Trade disputes, while somewhat rare and undesirable across the board, nevertheless do occur on occasion within a trading bloc as large as all of North America. When they do arise from time to time possessing a rudimentary knowledge of the process by which parties that are in disagreement resolve any NAFTA trade dispute that may occur can be helpful.
When a NAFTA trade dispute evidences itself, the first phase in the resolution process is initiated by reviewing NAFTA guidelines that direct the governments that are involved to resolve their differences via Working Groups or Committees. If this is action is unsuccessful, panel procedures called for and implemented by NAFTA regulations are both effective and expeditious. The international agreement contains chapters devoted to the resolution of such disputes, detailing applicable rules and procedures for them in chapters 11, 14, 19, and 20 of the agreement.

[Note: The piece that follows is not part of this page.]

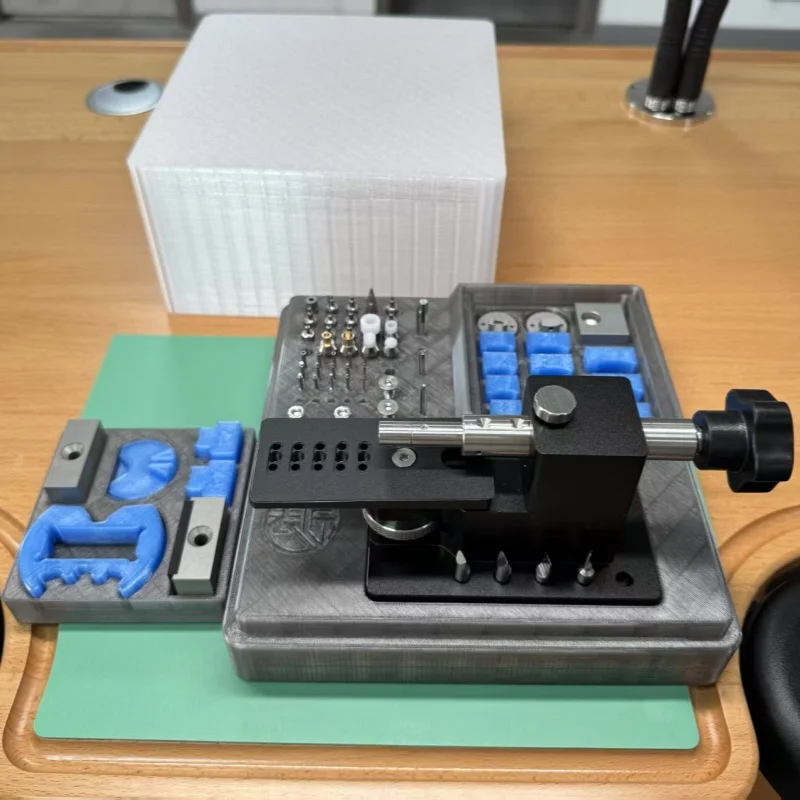 All-In-One Multi-Function Watch Repair Bench Vise Complete Punch Pins Silicone Jig Die Set Adjustable Screw Clamping Fixture
All-In-One Multi-Function Watch Repair Bench Vise Complete Punch Pins Silicone Jig Die Set Adjustable Screw Clamping Fixture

Chapter Eleven covers NAFTA trade dispute resolution realted to investment, and provides a mechanism for equal treatment before an impartial tribunal in accordance with the principle of international reciprocity and due process. A NAFTA investor who feels wronged may choose to pursue one of several means by which to settle disagreements:
- The World Bank’s International Centre for the Settlement of Investment Disputes (ICSID)

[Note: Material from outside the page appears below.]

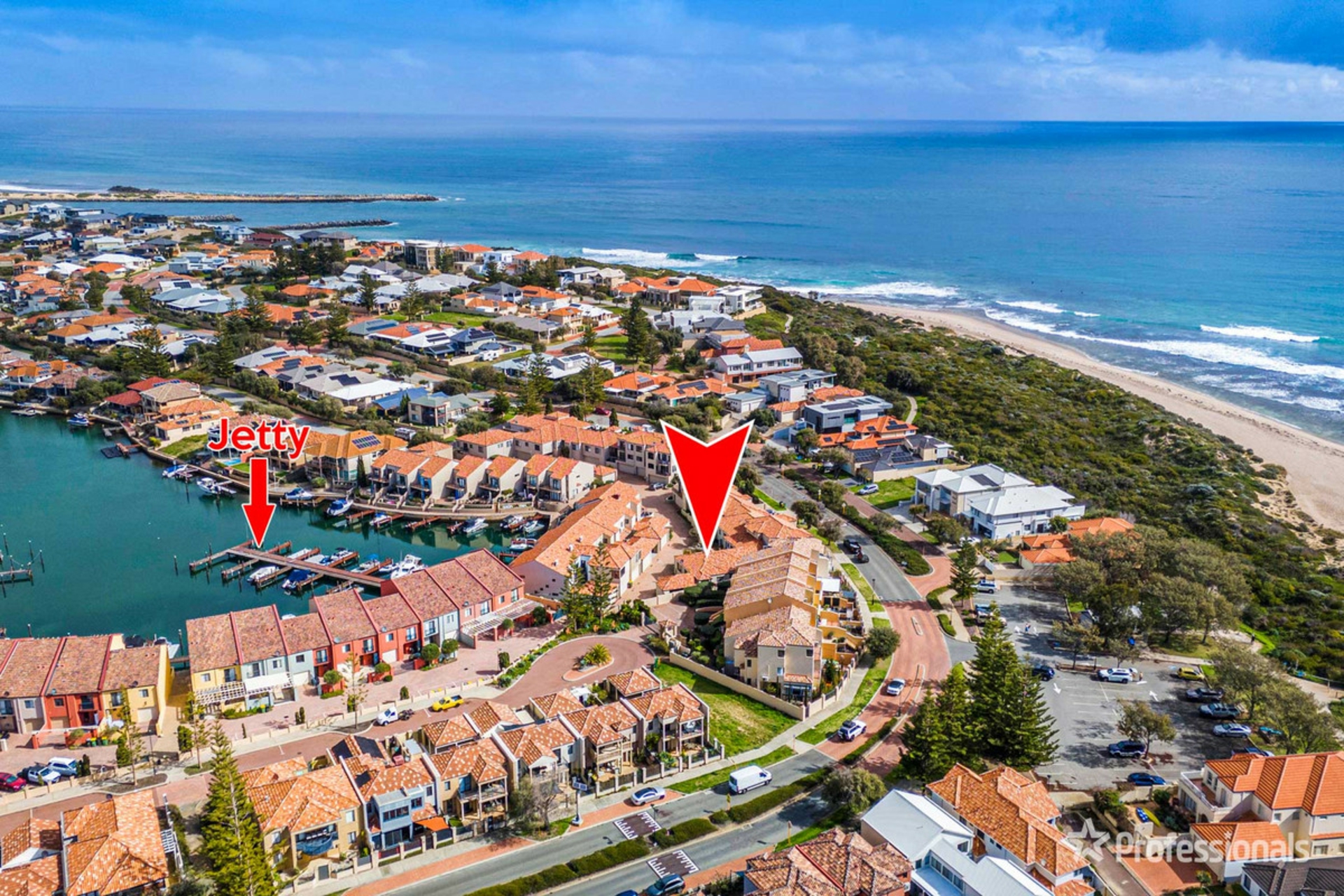 19/69 Westview Parade — photo from LJ Hooker Mandurah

- ICSID’s Additional Facility Rules
- The rules of the United Nations Commission for International Trade Law (UNCITRAL Rules)
- Remedies available in the host country’s domestic courts
Chapter Fourteen makes provision for the NAFTA trade dispute resolution related to conflicts in financial service matters, following the procedures outlined in Chapter Twenty. However, in the case of Chapter-14 disputes, the panelists are chosen from a special roster of experts in the field of financial services. Chapter Fourteen is a little-known, and not-as-yet-needed provision of the agreement.
Review of Final Antidumping and Countervailing Duty Determinations
Article 1904 provides for an alternative to judicial review by domestic courts of final determinations of NAFTA trade disputes in antidumping and countervailing duty cases that are reviewed by independent, binational panels. In Canada, the relevant investigating authorities are the Canada Border Services Agency (CBSA), and Canadian International Trade Tribunal (CITT). In the US, they are the International Trade Administration of the Department of Commerce and the United States International Trade Commission. In Mexico, it is the Secretaría de Economía, Unidad de Prácticas Comerciales Internacionales. While decisions made by these authorities are binding, in extraordinary circumstances, a government may invoke review by a three-person, binational Extraordinary Challenge Committee, comprised of judges and former judges to review potential conflicts of interest or authority overreaches.
Article 1905 provides for the safeguarding of the panel review system by allowing for a three-member special committee to be established to review allegations that the application of domestic law of one Party has interfered with the proper functioning of the panel system.
Chapter Twenty provides the procedures and processes for all NAFTA trade dispute resolution regarding the interpretation or application of the treaty as a whole. The first step in the process is government-to-government consultations. If these do not resolve the conflict in question, a NAFTA Free-Trade Commission meeting may be requested. If this measure does not settle the dispute, a five-member arbitration panel may be established. Additionally, this chapter provides for the creation of scientific review boards for consultation with the panels to provide reports on any factual issues concerning environmental, health, safety, etc. to assist panels in rendering their decisions.